There’s no sense in providing a close-up photograph of a product if viewers can’t understand what the product is in the photograph. In the most basic sense of product photography, your job is to provide a literal representation of a subject.

The best way to do this is to produce a photograph that represents the product clearly, without any discolorations, distorting angles or lenses, size or shape distortion, or misrepresentations, and with few to no distractions.

Including details about a product is important because viewers want to know as much about what they’re looking at as possible. If you’re shopping online or out of a catalog, then the image is one of your only sources for making a decision about whether the product is right for you.

Artistic, blurry representations of a subject are great and all, but they don’t help anyone make purchasing decisions. A sharply focused image that reveals true texture, shape, form, and color is much more helpful.

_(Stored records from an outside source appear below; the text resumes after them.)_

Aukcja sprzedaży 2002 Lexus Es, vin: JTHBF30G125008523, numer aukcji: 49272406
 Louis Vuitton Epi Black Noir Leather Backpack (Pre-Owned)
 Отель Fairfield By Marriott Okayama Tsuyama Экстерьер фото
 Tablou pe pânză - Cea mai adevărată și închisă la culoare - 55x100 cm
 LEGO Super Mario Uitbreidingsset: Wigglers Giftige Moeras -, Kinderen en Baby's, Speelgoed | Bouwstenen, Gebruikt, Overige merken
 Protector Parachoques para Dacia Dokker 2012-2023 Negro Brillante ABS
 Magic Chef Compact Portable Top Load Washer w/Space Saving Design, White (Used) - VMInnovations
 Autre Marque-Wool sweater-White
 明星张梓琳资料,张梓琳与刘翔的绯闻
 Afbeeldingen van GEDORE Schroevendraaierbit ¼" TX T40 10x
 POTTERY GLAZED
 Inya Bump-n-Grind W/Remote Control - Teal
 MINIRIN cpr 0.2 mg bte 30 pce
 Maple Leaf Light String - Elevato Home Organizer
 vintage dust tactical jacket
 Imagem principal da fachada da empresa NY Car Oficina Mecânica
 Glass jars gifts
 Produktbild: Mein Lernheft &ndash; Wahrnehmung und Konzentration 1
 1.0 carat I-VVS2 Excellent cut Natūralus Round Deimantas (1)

However, if a product has been around for a while and has already established itself in the market, companies will allow it to be photographed in a more artistic manner because people are already familiar with its look and function. If you really want to get creative with a small product, feel free to do so, but it’s best to produce a shot that shows it for what it really is.

The closer your camera is to a subject, the shallower your depth of field becomes. In macro and close-up product photography, you often need to use small apertures (like f/22) in order to achieve focus on the entire subject. However, when your subject has a lot of depth, a small aperture isn’t always sufficient to produce sharpness throughout. A couple techniques help maximize sharpness when you’re using a small aperture:

  • Minimize the depth of your subject. If the product you’re photographing has a long side and a short side, be sure to position the long side to be parallel (or somewhat parallel) to your camera’s digital sensor. This causes it to be parallel with your plane of focus ensuring that your depth of field can cover the entire product and so reveal it in sharp focus.

    Notice how the button in the photograph appears clearer when it’s photo-graphed parallel to the camera (left) as opposed to when it’s photographed at an angle to the camera (right).

  • Use postproduction processes to maximize sharp detail in your images. Thanks to photo-editing software, you can now take multiple photographs of a subject with varying focal points, mash them together, and produce an image with sharp focus throughout.

  • Back up from the subject (reducing magnification) and crop your final image as desired. Showing your subject smaller in your frame will increase your depth of field and cause more of it to appear sharp. This method is best if you’re using a camera with very high resolution, and if your subject doesn’t have extremely fine details that you need to show.